### [INSTRUCTIONS FOR THE TASK]
Through the line that contains "Building Photo - 8221 Rocky Ct", return the data below exactly, starting at its first line; leave the rest out.

:: RECORD EXTRACTS

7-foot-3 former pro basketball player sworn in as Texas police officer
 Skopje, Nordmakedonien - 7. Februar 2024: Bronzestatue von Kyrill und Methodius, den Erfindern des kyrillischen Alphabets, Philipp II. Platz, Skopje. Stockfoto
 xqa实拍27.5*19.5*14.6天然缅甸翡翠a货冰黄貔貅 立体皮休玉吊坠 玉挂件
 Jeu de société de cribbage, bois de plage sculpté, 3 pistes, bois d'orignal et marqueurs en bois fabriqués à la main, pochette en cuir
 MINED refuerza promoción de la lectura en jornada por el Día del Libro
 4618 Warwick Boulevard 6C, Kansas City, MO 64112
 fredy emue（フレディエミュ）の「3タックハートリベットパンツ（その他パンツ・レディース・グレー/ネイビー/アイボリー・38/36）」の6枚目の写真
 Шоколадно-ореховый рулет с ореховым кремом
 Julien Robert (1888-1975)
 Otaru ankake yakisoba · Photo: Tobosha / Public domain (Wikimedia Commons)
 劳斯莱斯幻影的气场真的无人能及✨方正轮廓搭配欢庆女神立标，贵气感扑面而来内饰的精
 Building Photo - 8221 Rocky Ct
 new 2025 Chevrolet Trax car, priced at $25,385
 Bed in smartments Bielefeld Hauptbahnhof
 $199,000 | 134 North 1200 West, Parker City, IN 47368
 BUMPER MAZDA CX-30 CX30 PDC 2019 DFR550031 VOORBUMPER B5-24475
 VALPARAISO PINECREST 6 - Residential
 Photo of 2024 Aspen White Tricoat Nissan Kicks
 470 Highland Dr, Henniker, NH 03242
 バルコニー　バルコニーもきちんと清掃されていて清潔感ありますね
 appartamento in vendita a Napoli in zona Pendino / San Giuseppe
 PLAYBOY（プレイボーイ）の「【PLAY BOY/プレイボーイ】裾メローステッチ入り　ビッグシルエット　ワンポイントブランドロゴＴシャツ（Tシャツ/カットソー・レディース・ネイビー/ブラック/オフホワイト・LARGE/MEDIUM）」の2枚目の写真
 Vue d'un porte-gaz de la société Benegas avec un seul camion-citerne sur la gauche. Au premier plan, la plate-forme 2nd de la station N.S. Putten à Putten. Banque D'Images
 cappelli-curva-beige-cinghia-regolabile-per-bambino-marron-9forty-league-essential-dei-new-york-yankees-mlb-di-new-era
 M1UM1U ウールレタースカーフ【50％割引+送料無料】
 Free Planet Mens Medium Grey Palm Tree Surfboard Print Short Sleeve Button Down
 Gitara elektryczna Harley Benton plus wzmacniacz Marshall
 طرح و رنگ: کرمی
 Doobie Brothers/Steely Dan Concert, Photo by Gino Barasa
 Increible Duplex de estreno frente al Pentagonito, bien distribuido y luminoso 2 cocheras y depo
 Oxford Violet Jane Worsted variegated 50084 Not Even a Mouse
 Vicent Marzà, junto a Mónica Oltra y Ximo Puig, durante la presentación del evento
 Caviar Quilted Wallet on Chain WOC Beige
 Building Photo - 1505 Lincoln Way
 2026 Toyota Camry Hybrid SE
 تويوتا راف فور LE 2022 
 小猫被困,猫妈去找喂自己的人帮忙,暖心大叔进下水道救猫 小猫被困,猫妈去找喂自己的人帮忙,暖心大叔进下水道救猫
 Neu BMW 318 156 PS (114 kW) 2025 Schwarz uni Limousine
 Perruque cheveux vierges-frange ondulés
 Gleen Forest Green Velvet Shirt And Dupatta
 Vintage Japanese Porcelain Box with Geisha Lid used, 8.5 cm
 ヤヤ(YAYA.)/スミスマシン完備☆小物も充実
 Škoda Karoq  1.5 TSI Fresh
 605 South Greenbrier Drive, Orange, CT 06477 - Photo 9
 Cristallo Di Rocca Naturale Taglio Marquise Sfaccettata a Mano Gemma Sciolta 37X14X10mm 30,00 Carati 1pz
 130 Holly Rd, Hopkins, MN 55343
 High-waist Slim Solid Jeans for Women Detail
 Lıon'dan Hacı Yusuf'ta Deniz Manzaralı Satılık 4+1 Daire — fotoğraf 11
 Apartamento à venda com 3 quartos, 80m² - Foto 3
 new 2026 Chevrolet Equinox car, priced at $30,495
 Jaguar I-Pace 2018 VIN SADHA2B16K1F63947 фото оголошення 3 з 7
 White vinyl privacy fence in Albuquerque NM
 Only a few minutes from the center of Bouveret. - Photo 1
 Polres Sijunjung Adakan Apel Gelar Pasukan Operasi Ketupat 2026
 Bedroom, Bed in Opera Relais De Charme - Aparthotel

::::

### [EXERCISE RESULT]
7-foot-3 former pro basketball player sworn in as Texas police officer
 Skopje, Nordmakedonien - 7. Februar 2024: Bronzestatue von Kyrill und Methodius, den Erfindern des kyrillischen Alphabets, Philipp II. Platz, Skopje. Stockfoto
 xqa实拍27.5*19.5*14.6天然缅甸翡翠a货冰黄貔貅 立体皮休玉吊坠 玉挂件
 Jeu de société de cribbage, bois de plage sculpté, 3 pistes, bois d'orignal et marqueurs en bois fabriqués à la main, pochette en cuir
 MINED refuerza promoción de la lectura en jornada por el Día del Libro
 4618 Warwick Boulevard 6C, Kansas City, MO 64112
 fredy emue（フレディエミュ）の「3タックハートリベットパンツ（その他パンツ・レディース・グレー/ネイビー/アイボリー・38/36）」の6枚目の写真
 Шоколадно-ореховый рулет с ореховым кремом
 Julien Robert (1888-1975)
 Otaru ankake yakisoba · Photo: Tobosha / Public domain (Wikimedia Commons)
 劳斯莱斯幻影的气场真的无人能及✨方正轮廓搭配欢庆女神立标，贵气感扑面而来内饰的精
 Building Photo - 8221 Rocky Ct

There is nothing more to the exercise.